No one, and I mean NO ONE, loves being uncomfortable. Whether we're talking about the discomfort from sweat dripping down your back in the record-breaking summer temperatures, figuring out what's next after a major live event like divorce, or something in the middle, discomfort is something we'd rather not have at the party, thankyouverymuch.
Discomfort is good for us. It's essential if we truly want to grow spiritually and emotionally.
The Drawback to Staying in Our Comfort Zones
We've all heard the phrase "comfort zone." It's the equivalent of well-worn sweatpants and a bowl of popcorn. Staying in our comfort zone is safe. We know what to expect. There are no surprises.
But as you know, life rarely is without unexpected bumps in the road. As much as you try to hang out in Comfortzonelandia, something is guaranteed to push you out and make you feel things.
As quickly as we can, you scurry back to safety. For me, in the early months of living in Italy, my comfort zone on a day when I was overwhelmed with the bureaucracy of getting settled and speaking the language haltingly was to stay home and pretend I was still in the U.S I would (who am I kidding? I still do this) watch American movies and read books in English. Make nachos for dinner. It felt familiar and good.
The problem with staying in this safety zone is that we never really grow. We stay stagnant. For some, that might be fine. But for me, there's a whole world out there waiting to be discovered. I refuse to limit myself from experiencing more of the world because I'm afraid of stepping out of that comfort zone.
Discomfort is Good for You
When I tell you that getting uncomfortable is good for you, I'm far from alone in believing this. Research shows that discomfort can be a powerful catalyst for emotional growth. It can form new neural pathways that expand the mind.
When my marriage ended, I reread Eat, Pray, Love and Wild. What I loved about these two books is that the authors took a devastating experience (divorce) and found a way to grow from it. Stepping outside of their comfort zones, they traveled and were able to process what their relationships had provided to them and what they wanted moving forward. They came out better and stronger for it.
But they had to get really uncomfortable first.
You don't have to spend a year traveling the world or hiking by yourself for months to step out of your comfort zone and initiate powerful growth. You can simply acknowledge when you're in a situation that makes you want to run for cover and just BE in it.
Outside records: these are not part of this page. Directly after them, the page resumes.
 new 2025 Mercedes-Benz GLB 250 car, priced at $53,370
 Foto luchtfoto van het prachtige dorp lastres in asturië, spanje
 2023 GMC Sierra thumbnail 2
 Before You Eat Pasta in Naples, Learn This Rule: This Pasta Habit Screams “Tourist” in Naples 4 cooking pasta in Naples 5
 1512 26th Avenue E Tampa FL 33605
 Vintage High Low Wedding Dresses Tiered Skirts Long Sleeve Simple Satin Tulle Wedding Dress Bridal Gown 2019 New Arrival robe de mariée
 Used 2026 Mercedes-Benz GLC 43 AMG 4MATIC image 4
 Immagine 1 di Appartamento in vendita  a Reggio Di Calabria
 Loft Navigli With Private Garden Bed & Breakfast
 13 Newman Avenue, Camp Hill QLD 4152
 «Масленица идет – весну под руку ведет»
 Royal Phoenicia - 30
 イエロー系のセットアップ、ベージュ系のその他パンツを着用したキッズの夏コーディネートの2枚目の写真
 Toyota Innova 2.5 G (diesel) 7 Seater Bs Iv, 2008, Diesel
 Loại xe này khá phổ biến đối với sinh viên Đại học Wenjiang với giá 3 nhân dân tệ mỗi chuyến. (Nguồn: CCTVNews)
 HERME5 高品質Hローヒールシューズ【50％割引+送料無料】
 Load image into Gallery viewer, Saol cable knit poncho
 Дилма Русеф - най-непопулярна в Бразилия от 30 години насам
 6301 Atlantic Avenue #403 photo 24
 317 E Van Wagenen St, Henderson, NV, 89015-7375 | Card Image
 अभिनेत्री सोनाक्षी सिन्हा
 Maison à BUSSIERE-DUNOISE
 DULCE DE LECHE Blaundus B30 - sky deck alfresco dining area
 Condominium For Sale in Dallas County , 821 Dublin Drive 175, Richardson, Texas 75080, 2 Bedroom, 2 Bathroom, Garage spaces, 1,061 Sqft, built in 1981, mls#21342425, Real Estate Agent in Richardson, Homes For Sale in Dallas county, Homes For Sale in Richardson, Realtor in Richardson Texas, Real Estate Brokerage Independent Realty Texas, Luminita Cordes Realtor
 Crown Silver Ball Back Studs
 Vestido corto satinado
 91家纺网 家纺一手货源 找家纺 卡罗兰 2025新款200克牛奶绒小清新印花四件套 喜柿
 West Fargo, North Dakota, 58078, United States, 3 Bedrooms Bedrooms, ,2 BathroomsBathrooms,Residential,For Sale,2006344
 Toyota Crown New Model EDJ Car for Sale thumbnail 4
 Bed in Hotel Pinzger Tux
As an example: if you're grieving and all you want to do is drown that pain in a good Syrah, try sitting with those feelings instead. Question what triggered them. How you're feeling. What constructive thing you could do to make those feelings go away (journaling, for example). When I'm frustrated or sad, I'll meditate. I allow the feelings (HOW DARE HE SAY THAT TO ME?! WHO DOES HE THINK HE IS??) and then I notice when they dissipate. And they always do.
If we were meant to be comfortable every moment of our lives, what fun would that be? Instead, we have to be in that dark night of the soul period and allow it to do what it needs to do to help us become better and stronger.